Pero una cosa es eso y otra el que apoye la enorme presión social que hubo —¡y de la Fiscalía!— para que el volumen no esté en las librerías. Es el segundo caso que conozco, aunque el primero no llegó a tanto: Cásate y sé sumisa, del arzobispado de Granada, en el cual se impartía doctrina sobre el papel de la mujer en la familia y que tenía un marcado acento carca, por decirlo de manera suave.
Ambos constituyen la muestra de que la censura previa adquiere otra dimensión en el siglo XXI. Ya no se trata de un señor armado de un bolígrafo rojo con el cual prohíbe que se publique aquello que cree que no gusta al poder, sino de las masas —de nuevo: y la Fiscalía— frenando la libertad de expresión mientras la ultraderecha avanza haciendo justamente lo mismo.

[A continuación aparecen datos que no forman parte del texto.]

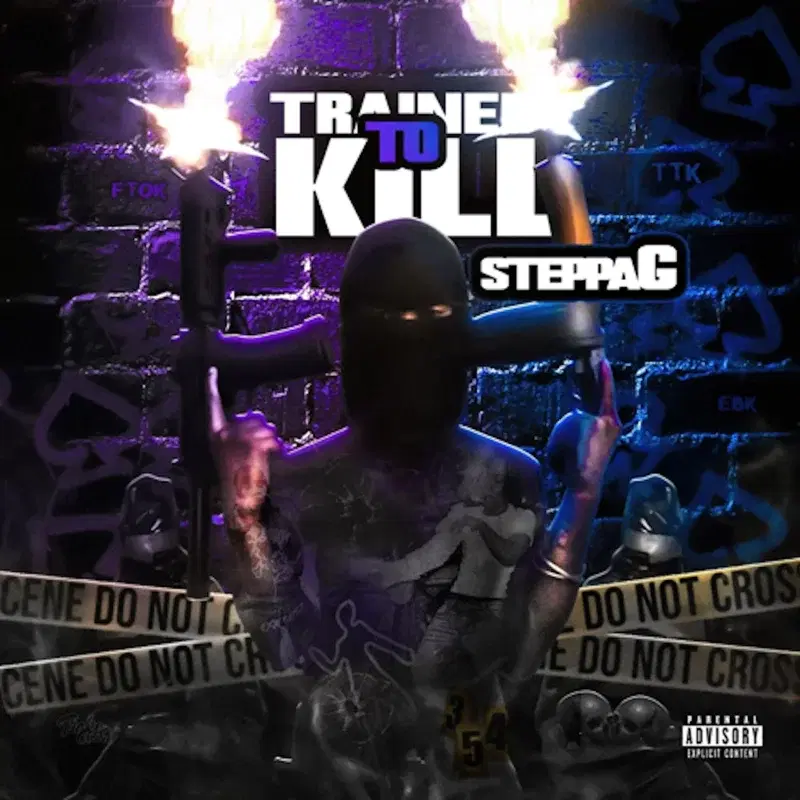Trained To Kill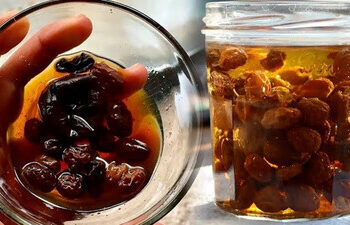 ଓଜନ କମେଇବାକୁ ଚାହଁ।ନ୍ତି କି? ପିଅନ୍ତୁ କିସମିସ ପାଣି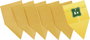 Gardigo 668066 Ragasztó fólia Ragadós lap rovaroknak (Sz x Ma) 6 cm x 10 cm Sárga 6 db bélyegkép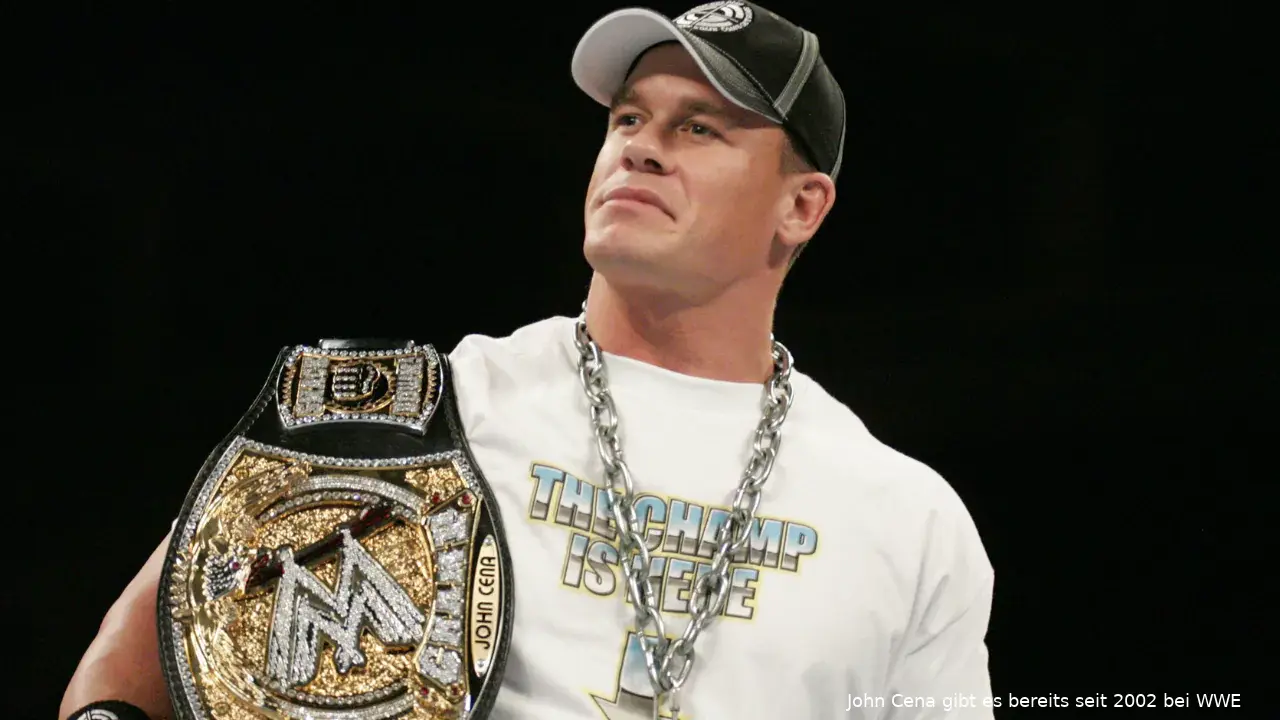 wwe john cena 00er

Porque a ver ahora quién es el guapo que escribe un libro sobre el asesinato de Asumpta, por ejemplo. O sobre cualquier otra tragedia. Siempre hay alguien que se va a sentir herido y ofendido. Lo decía magistralmente el pasado viernes en este periódico la profesora Erika Jaráiz: «La democracia no consiste en imponer unos valores, consiste en aceptar los valores de los otros y su derecho a tenerlos y a expresarse según ellos». El resto es trumpismo. O algo peor.